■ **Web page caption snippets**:

§

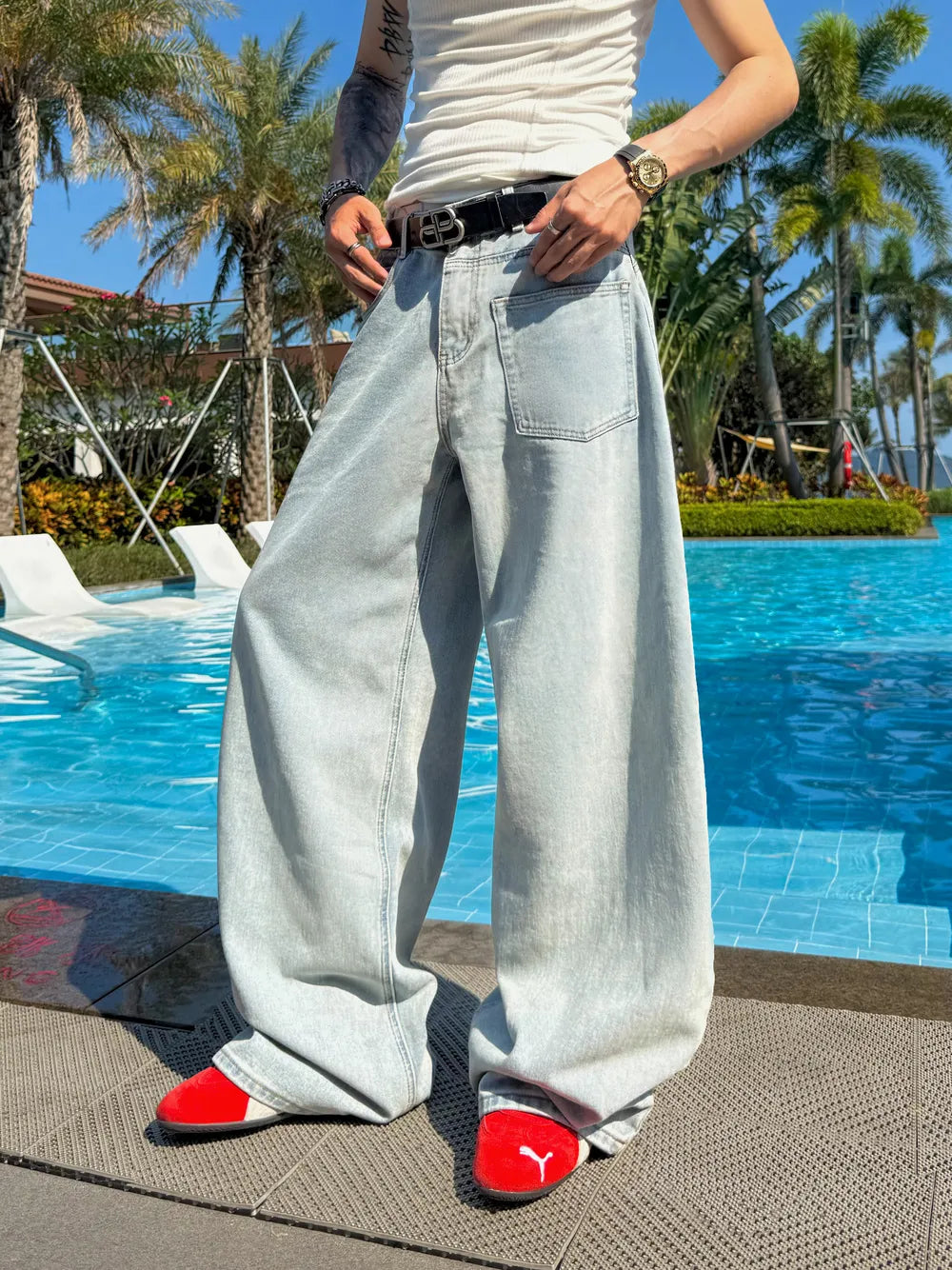 DBW Doublewin Semi-Reversed Design Washed Jeans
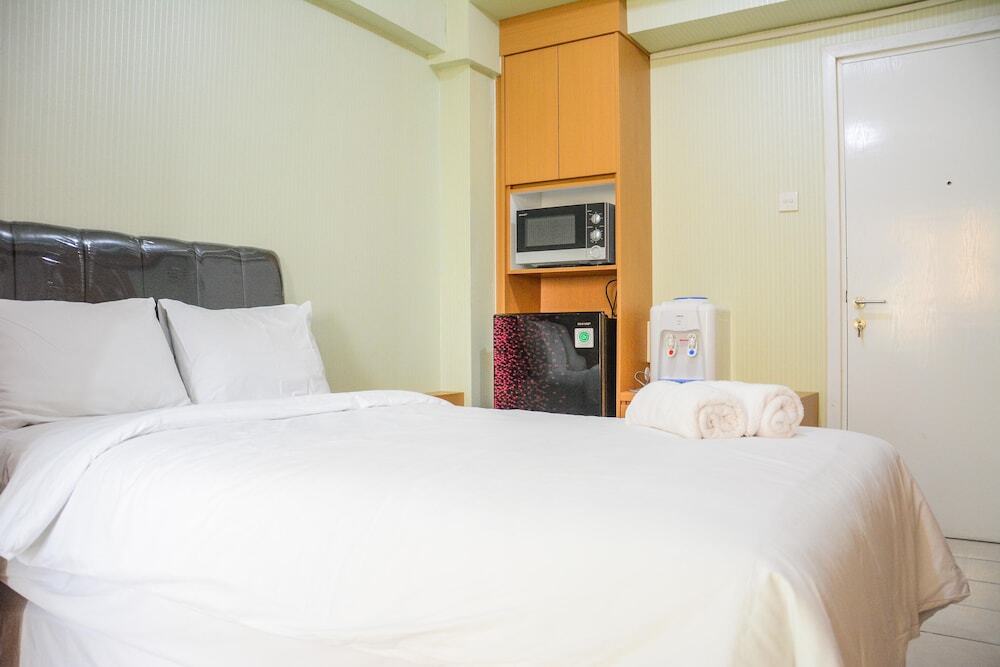 Джакарта: Stylish and Comfortable Studio Green Pramuka Apartment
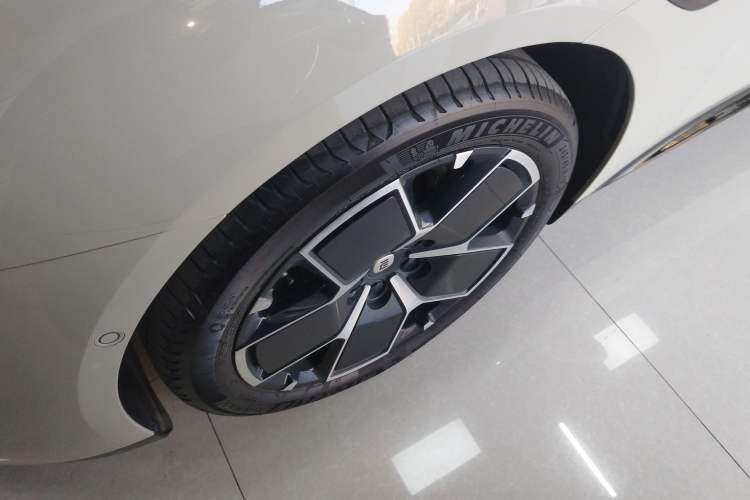 Used  SU7 2024 Rear-Drive Long-Range Intelligent Driving Version
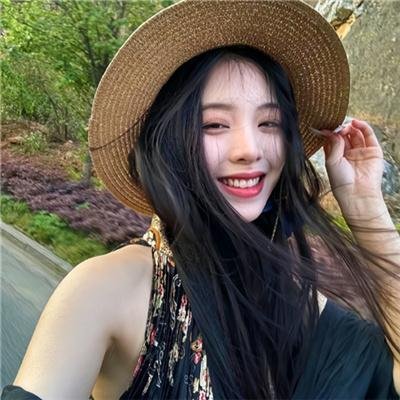 女孩的夏日秘密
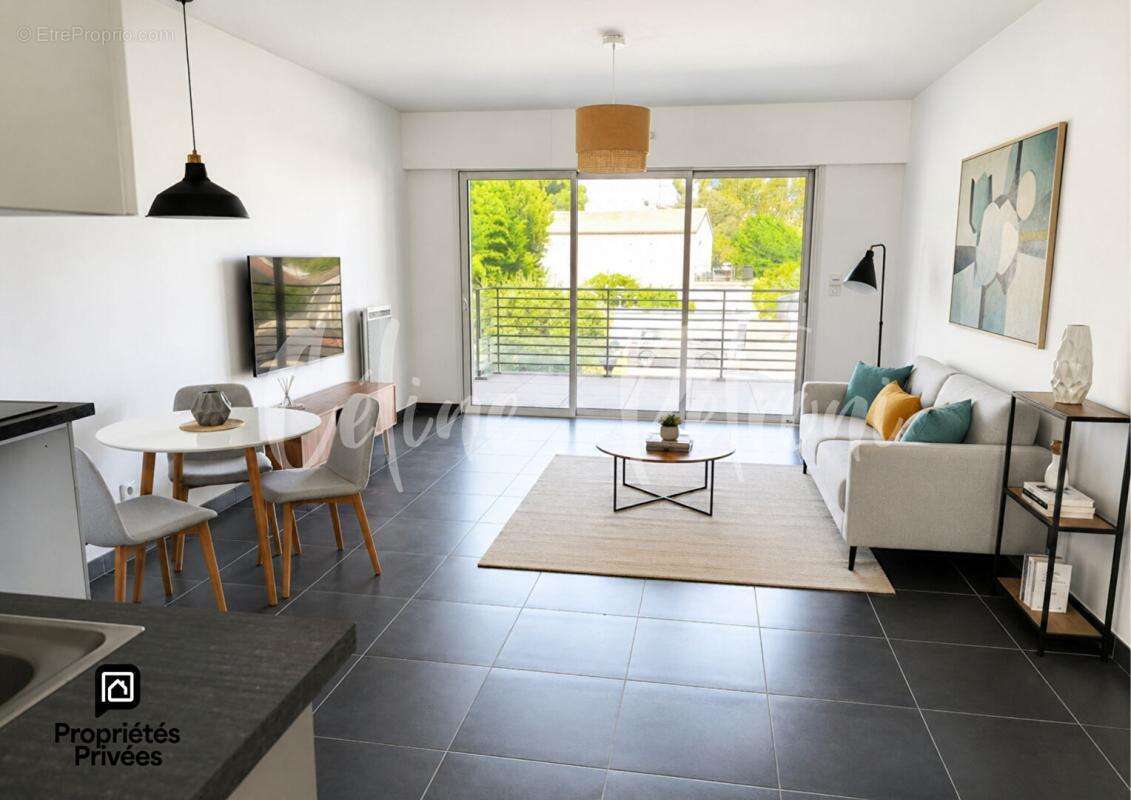Saint-Raphael - Quartier des Iscles - Superbe T2 de 53 m² avec terrasse - photo 2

§

■ **Exercise instructions**: Starting at the line that contains "Intelligent Driving Version", transcribe each line through the last one of the entries above, exactly and without pictures.

■ **Task answer**:
 Used  SU7 2024 Rear-Drive Long-Range Intelligent Driving Version
 女孩的夏日秘密
Saint-Raphael - Quartier des Iscles - Superbe T2 de 53 m² avec terrasse - photo 2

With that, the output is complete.